## About this task
An exact transcription of the data below, complete and unaltered, is the expected answer.

## Extracted entries
------------------------------------------------------------------------

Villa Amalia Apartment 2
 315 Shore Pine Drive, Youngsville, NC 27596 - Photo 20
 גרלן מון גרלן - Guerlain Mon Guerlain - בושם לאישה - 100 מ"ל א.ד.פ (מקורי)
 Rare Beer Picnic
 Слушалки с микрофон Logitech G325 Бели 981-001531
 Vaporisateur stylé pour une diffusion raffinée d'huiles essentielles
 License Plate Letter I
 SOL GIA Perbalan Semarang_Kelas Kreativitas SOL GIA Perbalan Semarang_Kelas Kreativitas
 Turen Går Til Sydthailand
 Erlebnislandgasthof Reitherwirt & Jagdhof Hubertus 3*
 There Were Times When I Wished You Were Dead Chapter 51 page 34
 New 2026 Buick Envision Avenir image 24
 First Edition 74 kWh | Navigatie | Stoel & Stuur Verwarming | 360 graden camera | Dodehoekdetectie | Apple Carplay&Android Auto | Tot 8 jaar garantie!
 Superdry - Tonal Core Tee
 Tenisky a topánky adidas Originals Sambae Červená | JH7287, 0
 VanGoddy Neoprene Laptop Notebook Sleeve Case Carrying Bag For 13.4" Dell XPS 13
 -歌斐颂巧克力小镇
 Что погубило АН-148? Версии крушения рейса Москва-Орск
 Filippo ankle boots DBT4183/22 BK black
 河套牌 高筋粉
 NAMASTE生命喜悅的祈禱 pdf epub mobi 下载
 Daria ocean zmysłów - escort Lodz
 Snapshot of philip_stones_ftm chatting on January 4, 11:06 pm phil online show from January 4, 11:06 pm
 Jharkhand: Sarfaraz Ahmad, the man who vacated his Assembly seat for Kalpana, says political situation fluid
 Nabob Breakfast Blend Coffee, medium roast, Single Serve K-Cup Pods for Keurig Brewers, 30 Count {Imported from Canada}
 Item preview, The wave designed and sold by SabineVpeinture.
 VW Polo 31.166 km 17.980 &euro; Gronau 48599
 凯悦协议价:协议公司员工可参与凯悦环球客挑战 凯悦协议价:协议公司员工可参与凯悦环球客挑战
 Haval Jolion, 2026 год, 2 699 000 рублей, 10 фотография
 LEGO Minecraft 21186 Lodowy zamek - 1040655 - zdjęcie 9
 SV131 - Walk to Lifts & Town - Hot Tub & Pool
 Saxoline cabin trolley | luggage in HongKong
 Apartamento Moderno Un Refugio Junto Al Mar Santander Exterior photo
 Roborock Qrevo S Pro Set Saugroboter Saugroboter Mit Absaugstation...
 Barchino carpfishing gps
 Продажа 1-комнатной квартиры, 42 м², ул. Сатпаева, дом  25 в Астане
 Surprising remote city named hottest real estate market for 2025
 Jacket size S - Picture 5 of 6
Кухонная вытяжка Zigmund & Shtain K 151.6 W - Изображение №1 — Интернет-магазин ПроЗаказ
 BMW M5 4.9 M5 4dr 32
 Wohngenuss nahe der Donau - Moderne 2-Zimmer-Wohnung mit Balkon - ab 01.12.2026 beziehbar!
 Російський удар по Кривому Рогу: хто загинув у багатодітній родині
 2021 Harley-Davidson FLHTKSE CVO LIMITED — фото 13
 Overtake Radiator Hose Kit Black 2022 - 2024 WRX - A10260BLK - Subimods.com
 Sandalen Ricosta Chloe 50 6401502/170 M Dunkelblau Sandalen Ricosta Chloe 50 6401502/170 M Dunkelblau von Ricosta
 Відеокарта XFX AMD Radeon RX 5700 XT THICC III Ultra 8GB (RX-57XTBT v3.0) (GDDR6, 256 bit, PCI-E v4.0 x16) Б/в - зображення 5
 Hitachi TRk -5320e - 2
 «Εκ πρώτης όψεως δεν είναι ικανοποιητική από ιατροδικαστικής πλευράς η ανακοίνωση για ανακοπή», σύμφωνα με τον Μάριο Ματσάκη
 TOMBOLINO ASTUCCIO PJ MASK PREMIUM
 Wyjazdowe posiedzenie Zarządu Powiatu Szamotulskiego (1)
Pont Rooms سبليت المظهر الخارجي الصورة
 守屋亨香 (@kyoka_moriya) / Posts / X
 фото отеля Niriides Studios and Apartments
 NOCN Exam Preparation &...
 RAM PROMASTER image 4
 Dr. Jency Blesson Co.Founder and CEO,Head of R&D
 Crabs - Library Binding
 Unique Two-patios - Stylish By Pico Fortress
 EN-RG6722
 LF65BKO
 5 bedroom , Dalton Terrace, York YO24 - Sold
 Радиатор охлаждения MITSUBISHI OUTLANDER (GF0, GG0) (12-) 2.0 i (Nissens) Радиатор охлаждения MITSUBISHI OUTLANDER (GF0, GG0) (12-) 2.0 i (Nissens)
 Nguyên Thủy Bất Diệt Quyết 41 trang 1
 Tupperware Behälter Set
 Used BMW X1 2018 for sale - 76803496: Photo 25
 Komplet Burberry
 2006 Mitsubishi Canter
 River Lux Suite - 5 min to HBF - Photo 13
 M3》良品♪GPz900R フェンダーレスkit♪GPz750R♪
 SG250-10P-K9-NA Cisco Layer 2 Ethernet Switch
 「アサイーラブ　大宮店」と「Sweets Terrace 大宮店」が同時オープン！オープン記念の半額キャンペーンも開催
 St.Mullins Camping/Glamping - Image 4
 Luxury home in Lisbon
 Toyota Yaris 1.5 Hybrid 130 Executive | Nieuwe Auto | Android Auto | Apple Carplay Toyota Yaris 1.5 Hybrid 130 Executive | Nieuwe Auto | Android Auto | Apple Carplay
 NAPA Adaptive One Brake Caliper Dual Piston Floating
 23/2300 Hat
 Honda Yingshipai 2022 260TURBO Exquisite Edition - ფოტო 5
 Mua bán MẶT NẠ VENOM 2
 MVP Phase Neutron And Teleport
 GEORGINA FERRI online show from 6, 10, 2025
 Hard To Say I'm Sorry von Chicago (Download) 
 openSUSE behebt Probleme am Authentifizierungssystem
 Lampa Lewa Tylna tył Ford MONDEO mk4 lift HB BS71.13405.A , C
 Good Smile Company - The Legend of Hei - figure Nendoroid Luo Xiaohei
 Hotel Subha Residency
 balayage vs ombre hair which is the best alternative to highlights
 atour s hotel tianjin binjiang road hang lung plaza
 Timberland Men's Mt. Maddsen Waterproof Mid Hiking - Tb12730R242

------------------------------------------------------------------------

## Output of the exercise
Villa Amalia Apartment 2
 315 Shore Pine Drive, Youngsville, NC 27596 - Photo 20
 גרלן מון גרלן - Guerlain Mon Guerlain - בושם לאישה - 100 מ"ל א.ד.פ (מקורי)
 Rare Beer Picnic
 Слушалки с микрофон Logitech G325 Бели 981-001531
 Vaporisateur stylé pour une diffusion raffinée d'huiles essentielles
 License Plate Letter I
 SOL GIA Perbalan Semarang_Kelas Kreativitas SOL GIA Perbalan Semarang_Kelas Kreativitas
 Turen Går Til Sydthailand
 Erlebnislandgasthof Reitherwirt & Jagdhof Hubertus 3*
 There Were Times When I Wished You Were Dead Chapter 51 page 34
 New 2026 Buick Envision Avenir image 24
 First Edition 74 kWh | Navigatie | Stoel & Stuur Verwarming | 360 graden camera | Dodehoekdetectie | Apple Carplay&Android Auto | Tot 8 jaar garantie!
 Superdry - Tonal Core Tee
 Tenisky a topánky adidas Originals Sambae Červená | JH7287, 0
 VanGoddy Neoprene Laptop Notebook Sleeve Case Carrying Bag For 13.4" Dell XPS 13
 -歌斐颂巧克力小镇
 Что погубило АН-148? Версии крушения рейса Москва-Орск
 Filippo ankle boots DBT4183/22 BK black
 河套牌 高筋粉
 NAMASTE生命喜悅的祈禱 pdf epub mobi 下载
 Daria ocean zmysłów - escort Lodz
 Snapshot of philip_stones_ftm chatting on January 4, 11:06 pm phil online show from January 4, 11:06 pm
 Jharkhand: Sarfaraz Ahmad, the man who vacated his Assembly seat for Kalpana, says political situation fluid
 Nabob Breakfast Blend Coffee, medium roast, Single Serve K-Cup Pods for Keurig Brewers, 30 Count {Imported from Canada}
 Item preview, The wave designed and sold by SabineVpeinture.
 VW Polo 31.166 km 17.980 &euro; Gronau 48599
 凯悦协议价:协议公司员工可参与凯悦环球客挑战 凯悦协议价:协议公司员工可参与凯悦环球客挑战
 Haval Jolion, 2026 год, 2 699 000 рублей, 10 фотография
 LEGO Minecraft 21186 Lodowy zamek - 1040655 - zdjęcie 9
 SV131 - Walk to Lifts & Town - Hot Tub & Pool
 Saxoline cabin trolley | luggage in HongKong
 Apartamento Moderno Un Refugio Junto Al Mar Santander Exterior photo
 Roborock Qrevo S Pro Set Saugroboter Saugroboter Mit Absaugstation...
 Barchino carpfishing gps
 Продажа 1-комнатной квартиры, 42 м², ул. Сатпаева, дом  25 в Астане
 Surprising remote city named hottest real estate market for 2025
 Jacket size S - Picture 5 of 6
Кухонная вытяжка Zigmund & Shtain K 151.6 W - Изображение №1 — Интернет-магазин ПроЗаказ
 BMW M5 4.9 M5 4dr 32
 Wohngenuss nahe der Donau - Moderne 2-Zimmer-Wohnung mit Balkon - ab 01.12.2026 beziehbar!
 Російський удар по Кривому Рогу: хто загинув у багатодітній родині
 2021 Harley-Davidson FLHTKSE CVO LIMITED — фото 13
 Overtake Radiator Hose Kit Black 2022 - 2024 WRX - A10260BLK - Subimods.com
 Sandalen Ricosta Chloe 50 6401502/170 M Dunkelblau Sandalen Ricosta Chloe 50 6401502/170 M Dunkelblau von Ricosta
 Відеокарта XFX AMD Radeon RX 5700 XT THICC III Ultra 8GB (RX-57XTBT v3.0) (GDDR6, 256 bit, PCI-E v4.0 x16) Б/в - зображення 5
 Hitachi TRk -5320e - 2
 «Εκ πρώτης όψεως δεν είναι ικανοποιητική από ιατροδικαστικής πλευράς η ανακοίνωση για ανακοπή», σύμφωνα με τον Μάριο Ματσάκη
 TOMBOLINO ASTUCCIO PJ MASK PREMIUM
 Wyjazdowe posiedzenie Zarządu Powiatu Szamotulskiego (1)
Pont Rooms سبليت المظهر الخارجي الصورة
 守屋亨香 (@kyoka_moriya) / Posts / X
 фото отеля Niriides Studios and Apartments
 NOCN Exam Preparation &...
 RAM PROMASTER image 4
 Dr. Jency Blesson Co.Founder and CEO,Head of R&D
 Crabs - Library Binding
 Unique Two-patios - Stylish By Pico Fortress
 EN-RG6722
 LF65BKO
 5 bedroom , Dalton Terrace, York YO24 - Sold
 Радиатор охлаждения MITSUBISHI OUTLANDER (GF0, GG0) (12-) 2.0 i (Nissens) Радиатор охлаждения MITSUBISHI OUTLANDER (GF0, GG0) (12-) 2.0 i (Nissens)
 Nguyên Thủy Bất Diệt Quyết 41 trang 1
 Tupperware Behälter Set
 Used BMW X1 2018 for sale - 76803496: Photo 25
 Komplet Burberry
 2006 Mitsubishi Canter
 River Lux Suite - 5 min to HBF - Photo 13
 M3》良品♪GPz900R フェンダーレスkit♪GPz750R♪
 SG250-10P-K9-NA Cisco Layer 2 Ethernet Switch
 「アサイーラブ　大宮店」と「Sweets Terrace 大宮店」が同時オープン！オープン記念の半額キャンペーンも開催
 St.Mullins Camping/Glamping - Image 4
 Luxury home in Lisbon
 Toyota Yaris 1.5 Hybrid 130 Executive | Nieuwe Auto | Android Auto | Apple Carplay Toyota Yaris 1.5 Hybrid 130 Executive | Nieuwe Auto | Android Auto | Apple Carplay
 NAPA Adaptive One Brake Caliper Dual Piston Floating
 23/2300 Hat
 Honda Yingshipai 2022 260TURBO Exquisite Edition - ფოტო 5
 Mua bán MẶT NẠ VENOM 2
 MVP Phase Neutron And Teleport
 GEORGINA FERRI online show from 6, 10, 2025
 Hard To Say I'm Sorry von Chicago (Download) 
 openSUSE behebt Probleme am Authentifizierungssystem
 Lampa Lewa Tylna tył Ford MONDEO mk4 lift HB BS71.13405.A , C
 Good Smile Company - The Legend of Hei - figure Nendoroid Luo Xiaohei
 Hotel Subha Residency
 balayage vs ombre hair which is the best alternative to highlights
 atour s hotel tianjin binjiang road hang lung plaza
 Timberland Men's Mt. Maddsen Waterproof Mid Hiking - Tb12730R242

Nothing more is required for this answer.